Back-to-school season is here, and that means kids are fueling up for the remainder of their day during school lunches. There are plenty of ways to keep meals healthy, without sacrificing flavor.
Registered dietician and nutritionist Camille Adams visited the Mix on the AltoGas patio to share tips on ensuring your kids have a healthier meal choice.
For sandwiches, Camille suggests that sandwiches can be made healthier by swapping out breads. Whole wheat is recommended over white bread, and carrots or zucchini can be added with the lettuce and tomato. Try swapping your cheese or mayonnaise with avocado or hummus. Grilled chicken is also an excellent choice instead of lunchmeat.
Think about using leftovers from a family-favorite dinner to use for lunch the next day. Soups, such as tomato, vegetable, or bean, as well as vegetarian or lean ground chicken chili are great hot food options. If spaghetti is a leftover, try having whole wheat noodles for your next dish.
Camille advises that soup and pasta sometimes contain a lot of sodium, so it is best to have them be homemade with little to no salt, or compare nutrition facts of similar products.
While ranch dip is a classic, it can sometimes be full of extra fats.
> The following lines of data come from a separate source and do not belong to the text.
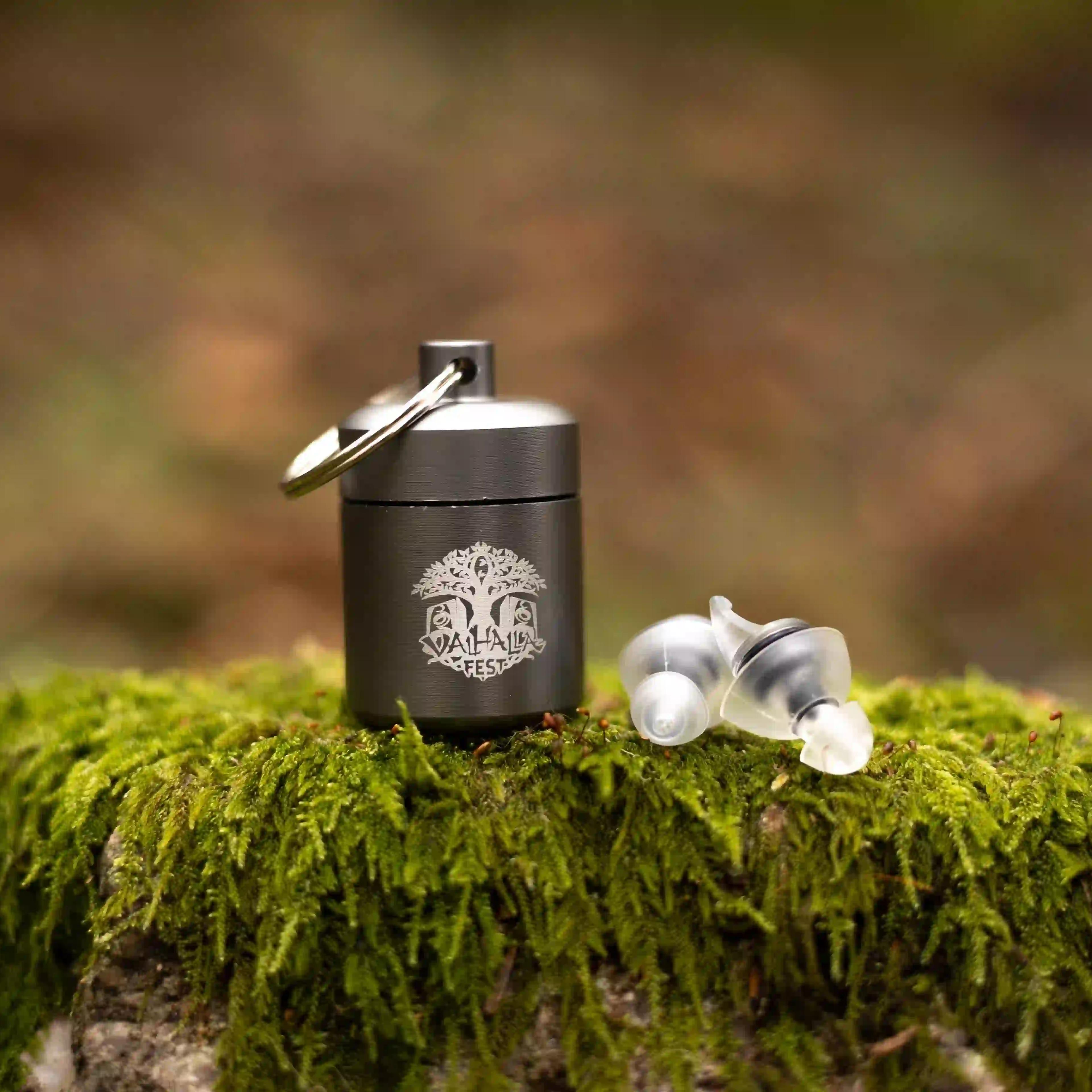 ValhallaFest branded keychain earplugs container with earbuds on moss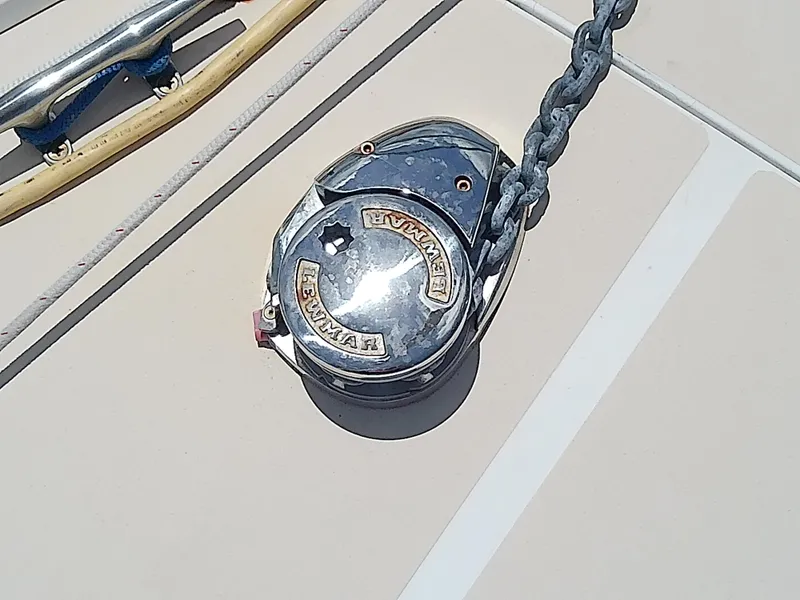 Slide: The Image of 2004 J Boats J/32 sailboat cockpit with covered wheel, docked in marina. - 18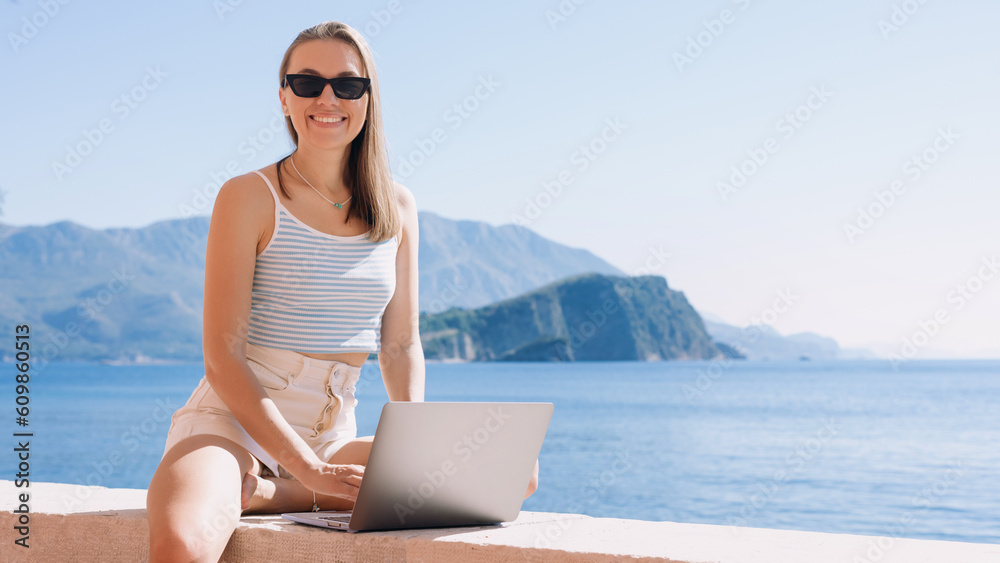 Young woman embraces the freelance lifestyle, effortlessly working on her laptop while appreciating the calming presence of the sea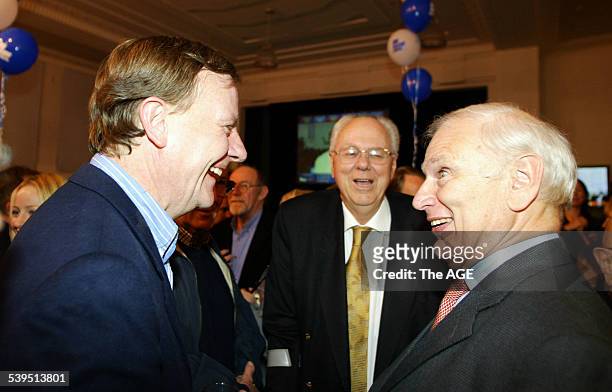 Treasurer Peter Costello with Tony Staley and Richard Alston at Liberal Party Headquarters in Melbourne after the Coalition, 9 October 2004 THE AGE...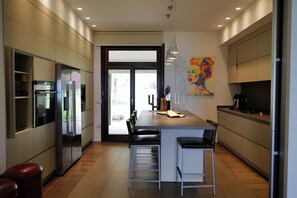 A modern kitchen with a central island, bar stools, and a large window. - Villa Serenity (Besozzo)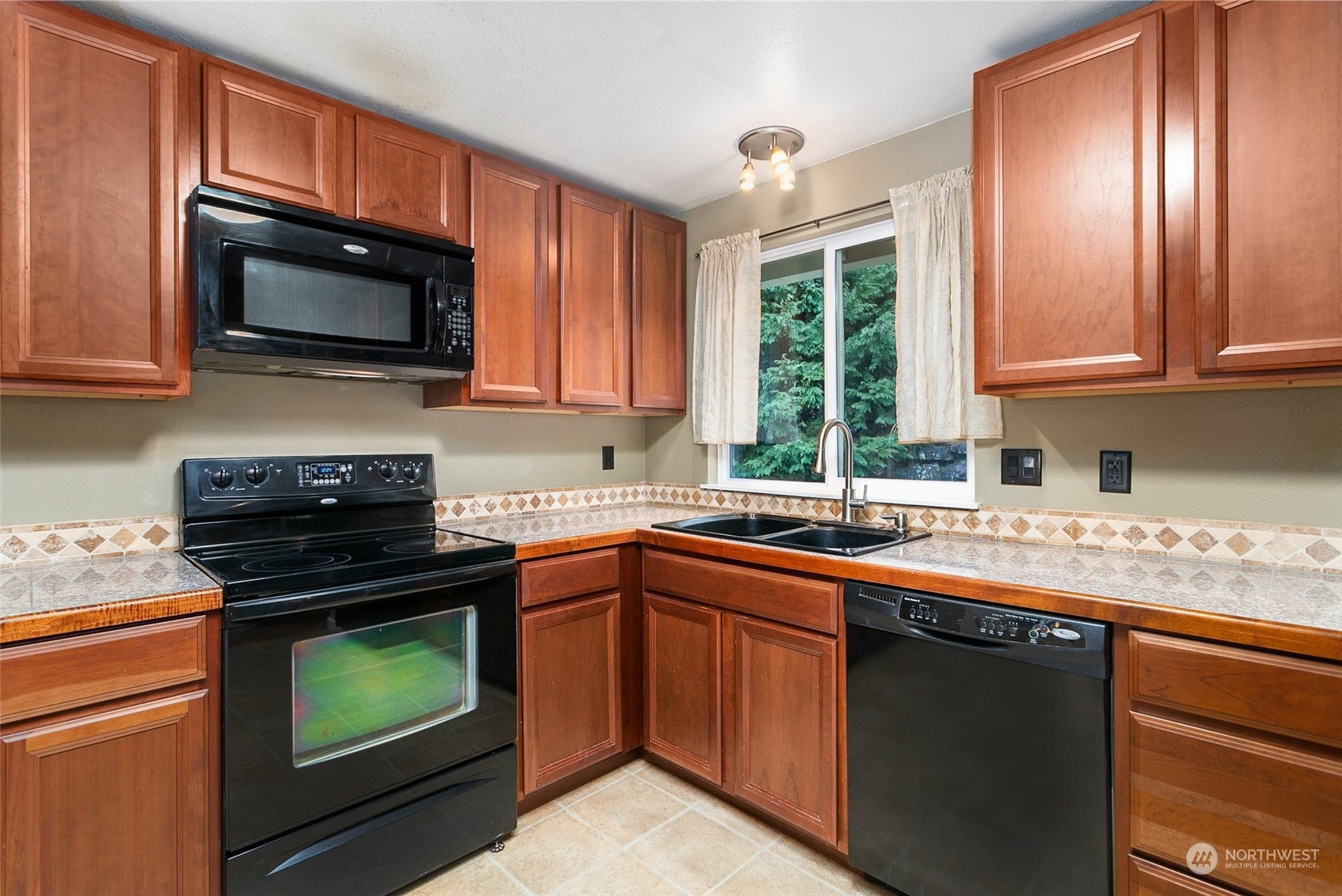 26007 36th Place South Kent, WA 98032 - Photo 11 of 37 a kitchen with a sink stove and microwave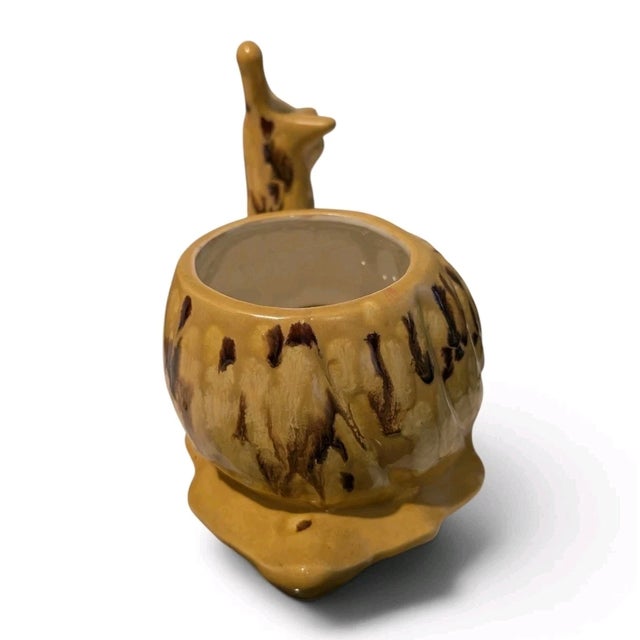 Add a whimsical touch to your vintage décor with this **Vintage 1979 Ceramic Snail Planter**. This charming figural...
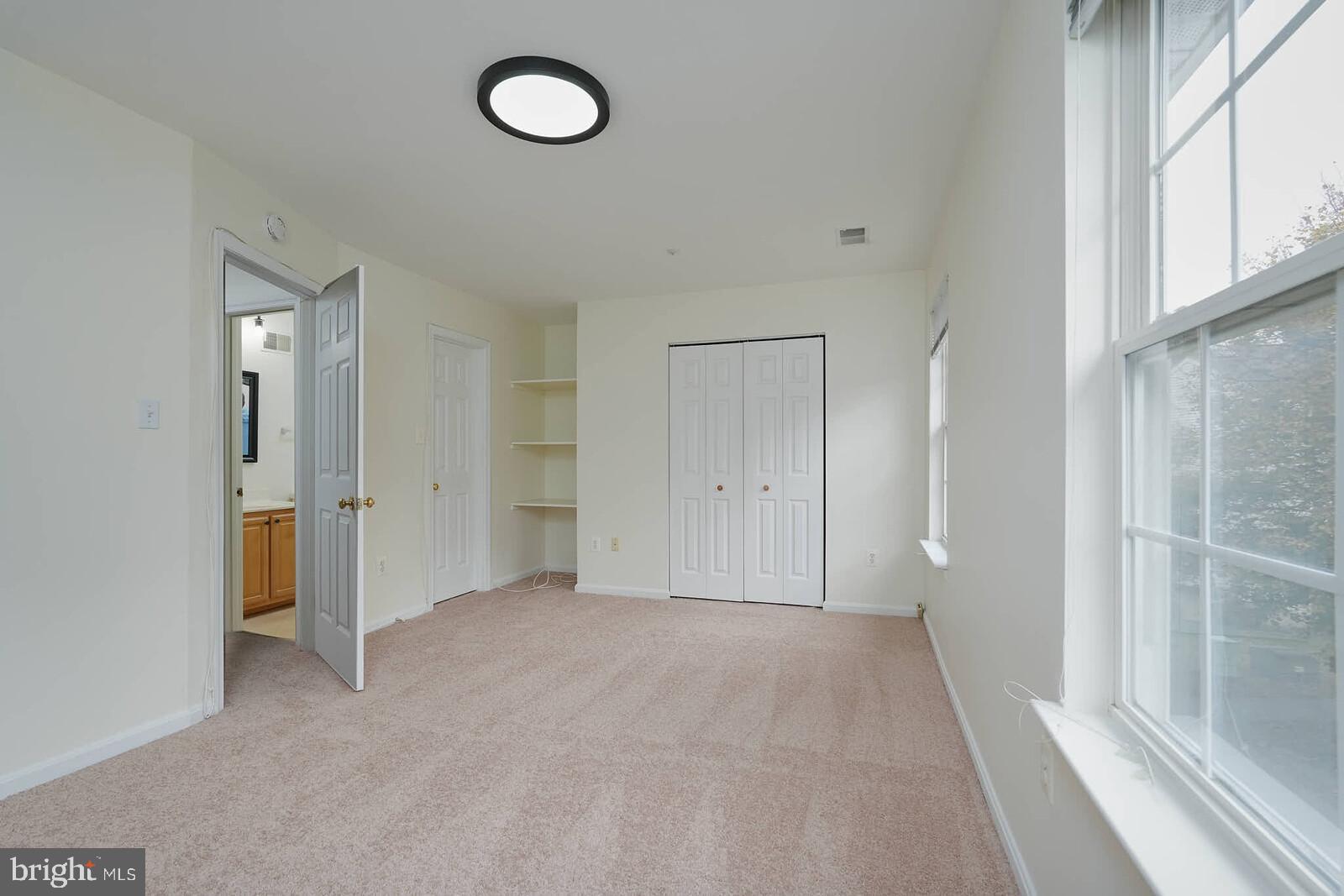 7802 Canter Court Severn, MD 21144 - Photo 28 of 41 a view of an empty room with a window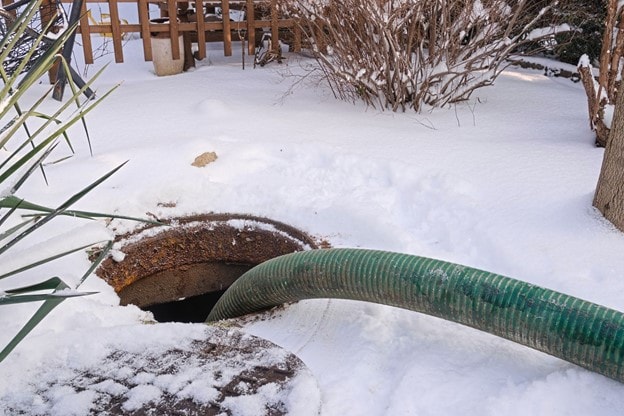 Hose going into a septic tank on a snowy day Hose going into a septic tank on a snowy day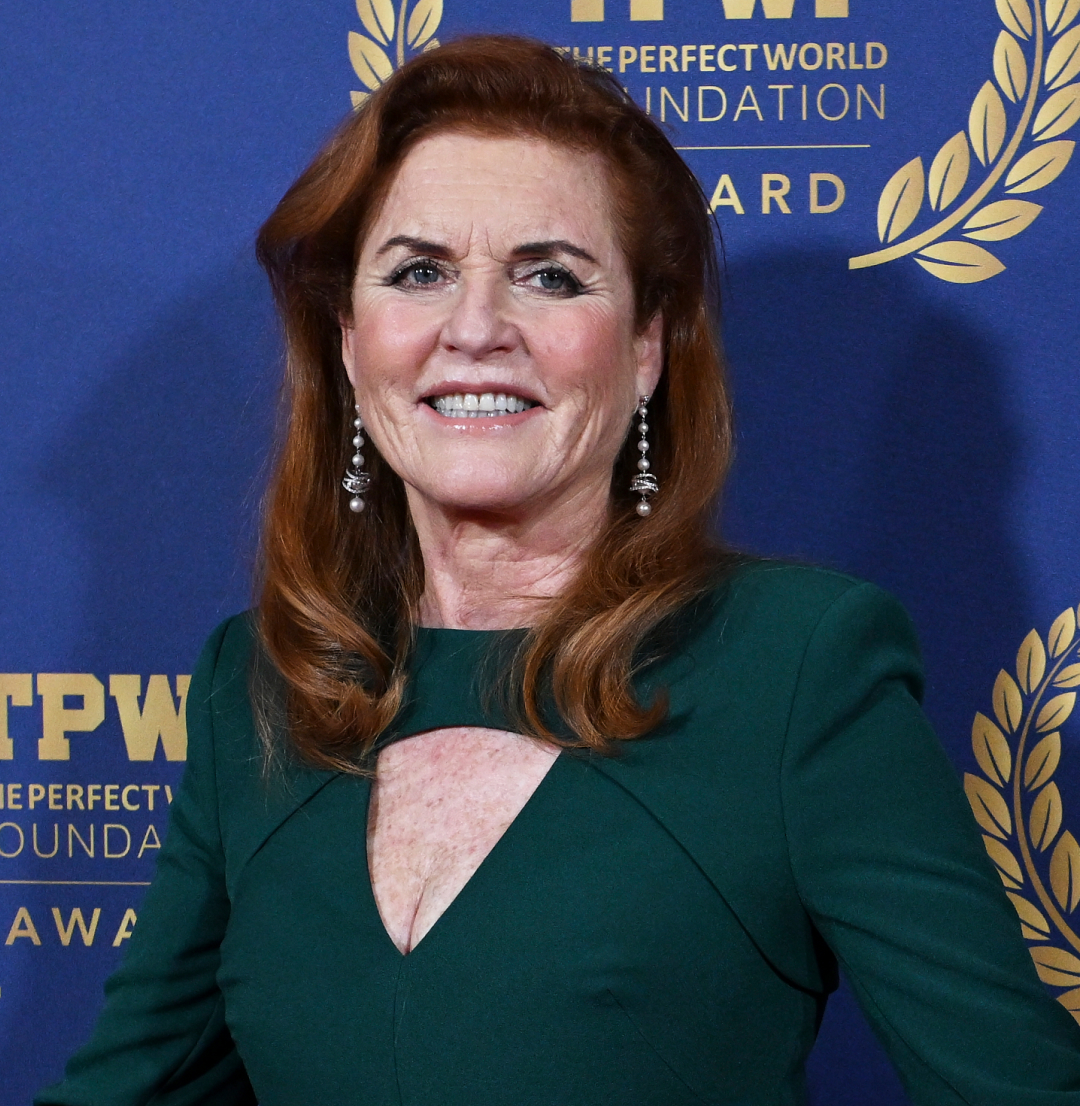 Sarah Ferguson wearing a green gown posing in front of a blue step and repeat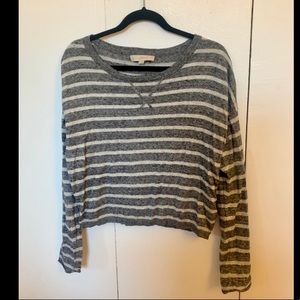 Cropped light sweater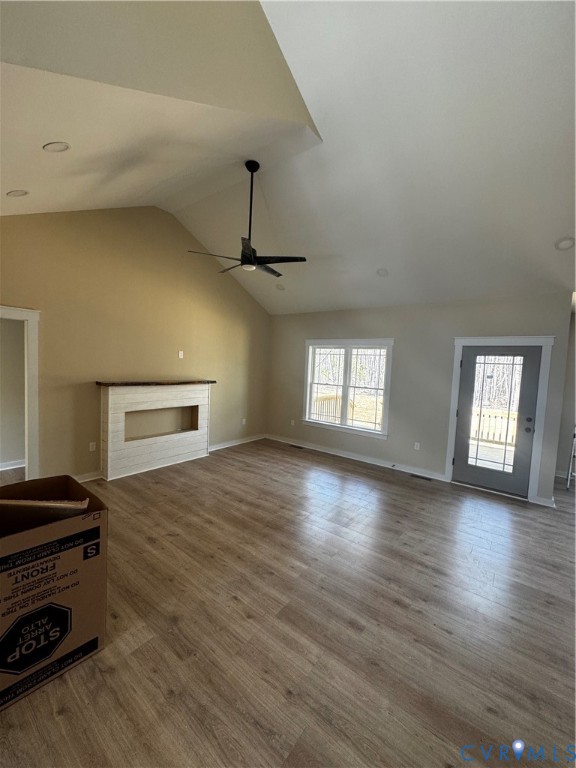 239 Bumpass Road Bumpass, VA 23024 - Photo 3 of 19 a view of a room with wooden floor and window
Apples and pear slices can be dipped in low-fat yogurt or peanut butter as a substitute, while carrots, celery, and pepper strips can be dipped into hummus, salsa, or a home made bean dip.
When children are involved in the lunch-packing process, they are more likely to eat that lunch. If you choose to meal prep on a Sunday night, or on an evening where there is extra time, Camille suggests to get children involved in choosing what fruit or whole-grain bread they would likek, or even let them assemble their lunch.
Lastly, while heart disease and stroke are considered to be "adult" problems, a growing body of research is linking that cardiovascular events that occur from risk factors begin developing decades earlier, such as childhood. A healthy diet at a younger age can be a starting point to significantly reducing cardiovascular disease risks.